Exercise objective: Beginning with the line that contains "Set of Two Three-Colour" and ending with the line that contains "Men's Full Size", reproduce the lines of the entries below exactly, omitting pictures.
### Data listing ###
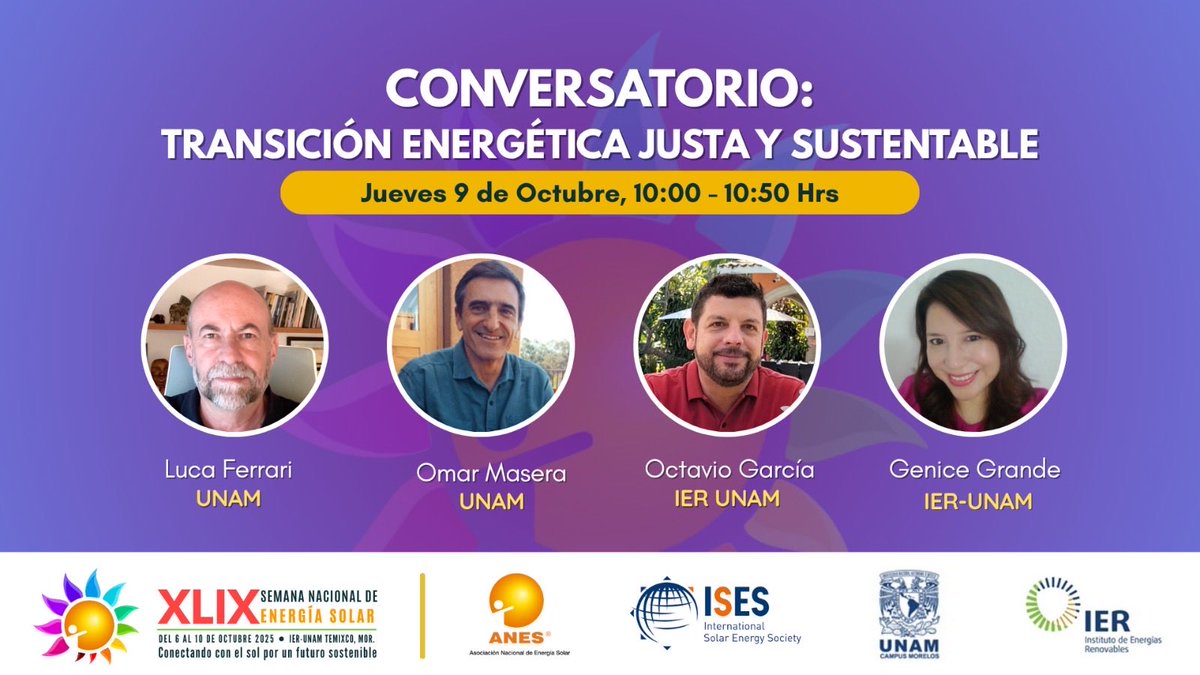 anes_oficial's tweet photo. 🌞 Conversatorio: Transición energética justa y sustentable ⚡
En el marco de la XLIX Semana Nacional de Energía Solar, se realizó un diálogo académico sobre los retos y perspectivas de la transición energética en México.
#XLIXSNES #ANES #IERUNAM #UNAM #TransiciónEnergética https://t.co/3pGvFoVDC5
###
### Data listing ###
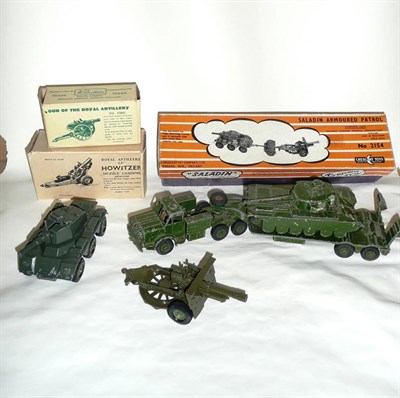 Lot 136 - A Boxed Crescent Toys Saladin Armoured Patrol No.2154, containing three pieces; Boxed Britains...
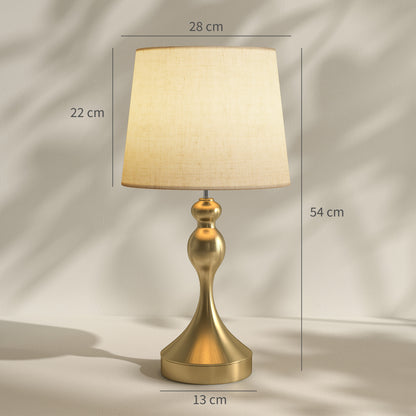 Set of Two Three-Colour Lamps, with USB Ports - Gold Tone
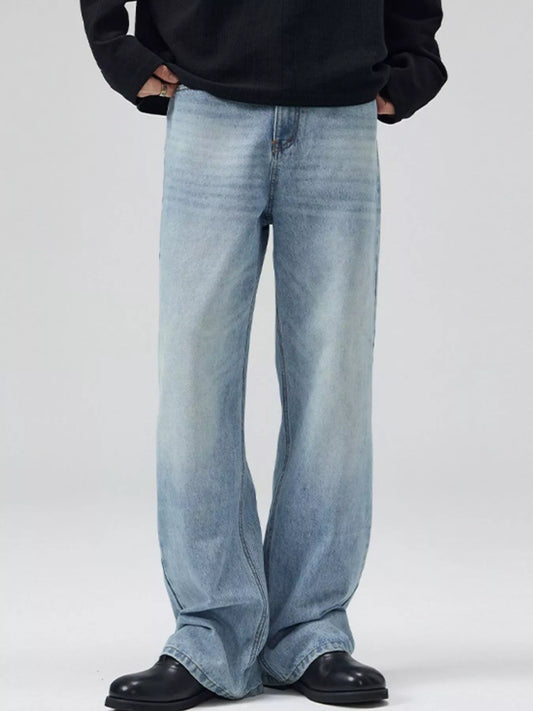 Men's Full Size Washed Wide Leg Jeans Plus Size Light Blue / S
###
### Data listing ###
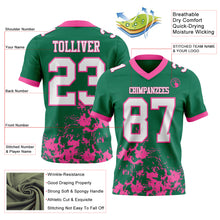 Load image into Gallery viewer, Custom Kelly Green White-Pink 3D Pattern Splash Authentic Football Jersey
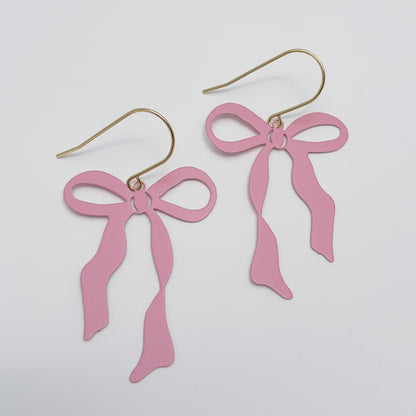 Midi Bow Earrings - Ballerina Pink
###
Response area:
 Set of Two Three-Colour Lamps, with USB Ports - Gold Tone
 Men's Full Size Washed Wide Leg Jeans Plus Size Light Blue / S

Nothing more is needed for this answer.